Вальдшнепов по берегам Губорли оказалось много. Они вылетали чаще всего парами из впадин у старых березовых корней. Собака уже не искала их, а уверенно вела меня к деревьям, указывая носом, где именно затаилась птица. Один раз мне удалось увидать, как вальдшнеп порывисто, скачками, мелькая в траве, бежал на подогнутых ногах по земле. Он вскочил на низкий пенек, вытянулся, оглянулся, тряхнув длинным носом, и снова юркнул в золото взъерошенной листвы. Больше двадцати зарядов рассыпал я по берегам горной речушки. Это было отменное охотничье удовольствие, незабываемое наслаждение: смотреть, как тихо, уверенно подходит к вальдшнепу собака, как она волнуется, слыша его особый запах, и как спархивает, хлопая крыльями, темно-красный живой полумесяц, взмывая над белыми березами. Незаметно отшлепал я километров восемь по Губерле и вдруг увидал, что патронташ пуст. Поднялся быстро холмами на степной сырт.
Осенний день умирал тихо и ласково. Поля еще поблескивали после дождя и стаявшего снега. Неслись к западу клочкастые облака. Солнце прорывалось сквозь них мягким багрянцем. Я был счастлив. Меня теперь неудержимо тянуло к людям. У моего пояса висело шесть красноватых, большеглазых, длинноносых птиц. На стрепета, зайца, куропатку и крякву я не смотрел. Я то и дело встряхивал на руке плотненьких лесных куликов и ликовал, забыв обо всем на свете. Я спешил к отцу…

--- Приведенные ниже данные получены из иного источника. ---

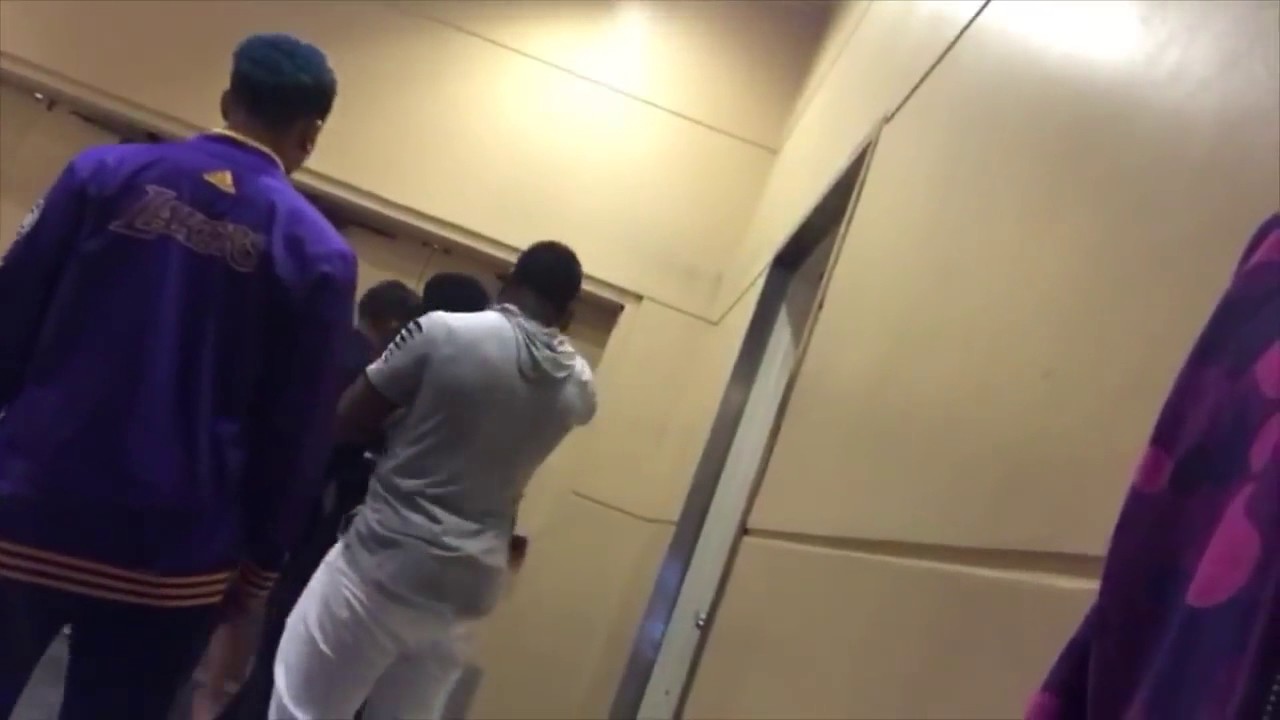 Zias and Blou fight Damian  and chris at vidcon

Его изумление было больше, чем я ожидал. У него удивленно, радостно засияли глаза, затряслись синеватые, пухлые от старости руки, когда он снимал с моего пояса вальдшнепов. Он без конца расспрашивал меня о подробностях охоты, кричал матери о вальдшнепах веселые слова, вспоминал свои охоты на них:
– Ты подумай, мать, может быть, вот этот носач прилетел с моей родины, из Верхотурья. Может быть, я знал его дедушку или бабушку. Ты подумай! Завтра утром мы едем на Губерлю. Хочу взглянуть на них живых. Обязательно. Патронов больше готовь. Да дробь надо мельче.
– Куда тебе, старик? Сидел бы на печке, – говорила с улыбкой мать, заражаясь нашей радостью.
Отец виновато и счастливо улыбался. В эти минуты я забыл даже о Насте.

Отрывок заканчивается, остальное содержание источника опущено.